Let's now create a reusable module that combines both token and positional embeddings, similar to what we'll use in our complete GPT model.


In [None]:
class GPTEmbedding(nn.Module):
    """
    Combined token and positional embedding layer for GPT-style models.
    """
    def __init__(self, vocab_size, emb_dim, context_size):
        super().__init__()
        self.tok_emb = nn.Embedding(vocab_size, emb_dim)
        self.pos_emb = nn.Embedding(context_size, emb_dim)
        
    def forward(self, token_ids):
        """
        Args:
            token_ids: Tensor of shape [batch_size, seq_len]
        Returns:
            Combined embeddings of shape [batch_size, seq_len, emb_dim]
        """
        batch_size, seq_len = token_ids.shape
        
        # Get token embeddings
        tok_embeddings = self.tok_emb(token_ids)
        
        # Get positional embeddings
        pos_ids = torch.arange(seq_len, device=token_ids.device)
        pos_embeddings = self.pos_emb(pos_ids)
        
        # Combine them
        return tok_embeddings + pos_embeddings

# Test our complete embedding module
embedding_module = GPTEmbedding(vocab_size, embedding_dim, context_size)

# Test with the same data
final_embeddings = embedding_module(inputs)

print("🚀 Complete GPT Embedding Module Test:")
print(f"Input shape: {inputs.shape}")
print(f"Output shape: {final_embeddings.shape}")
print(f"Total parameters: {sum(p.numel() for p in embedding_module.parameters()):,}")

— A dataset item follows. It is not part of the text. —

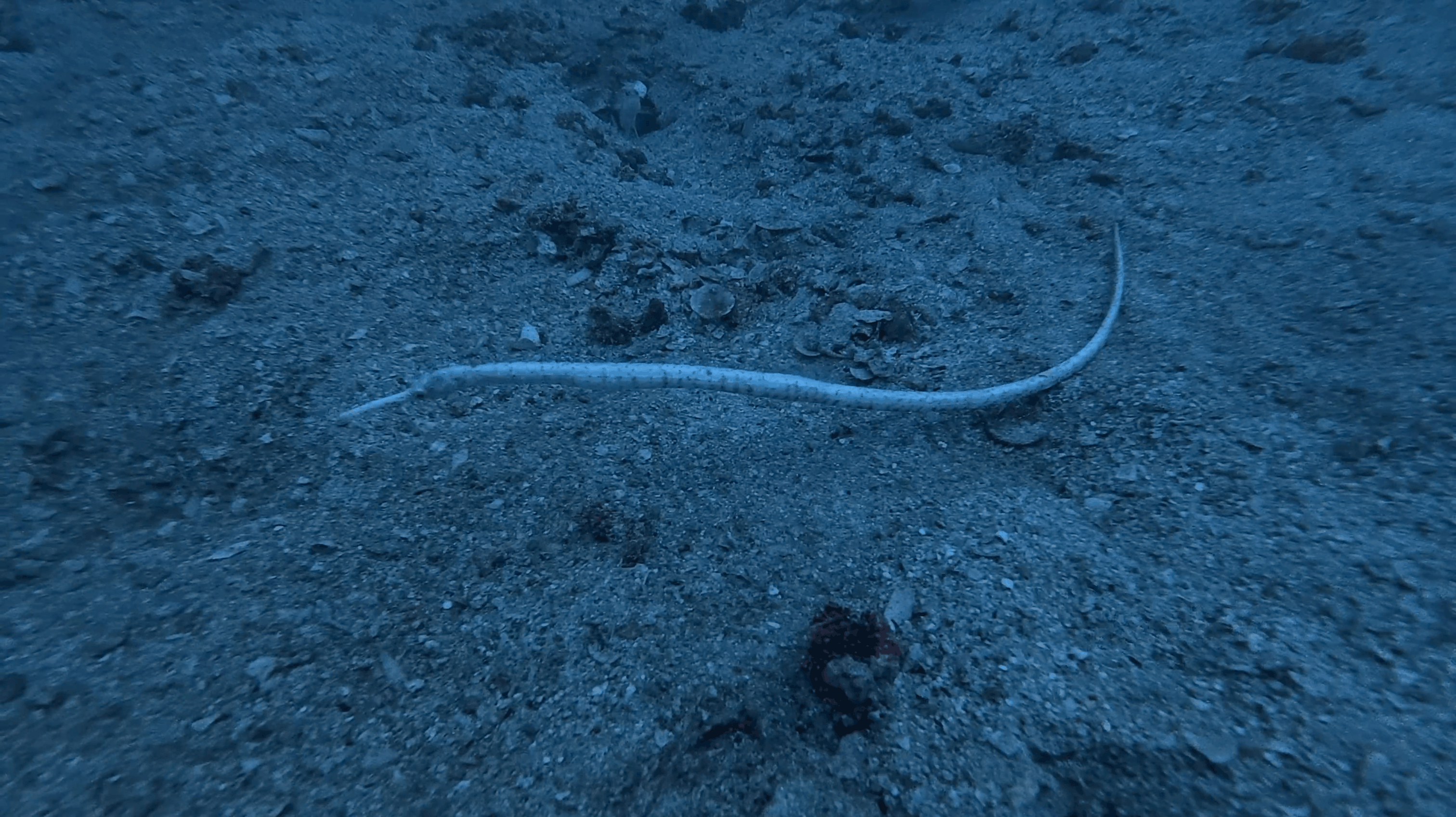 Long pale eel out on the sand beside the HTMS Suphairin wreck, Koh Tao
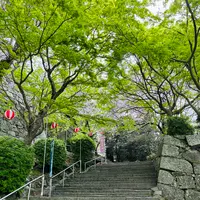 唐津城の写真・動画_image_1591844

# Verify it gives the same result as our manual approach
manual_result = token_embeddings + pos_embeddings
print(f"\nDoes our module match manual approach? {torch.allclose(final_embeddings, manual_result)}")

print("\n🎉 Success! Our embedding layer is ready for the transformer!")


## 🎯 Summary

We have successfully created the first neural network layer of our LLM! 

**What we've accomplished:**
- ✅ Built token embeddings to capture semantic meaning
- ✅ Added positional embeddings to capture word order  
- ✅ Combined them into a complete input representation
- ✅ Created a reusable `GPTEmbedding` module

**Key takeaways:**
- Embeddings transform meaningless token IDs into rich, learnable vectors
- Positional embeddings solve the "bag of words" problem 
- The embedding layer is just an efficient lookup table
- Broadcasting makes it easy to combine different tensor shapes

**What's next:** In Part 5, we'll build the self-attention mechanism that will process these embeddings and allow our model to understand relationships between words!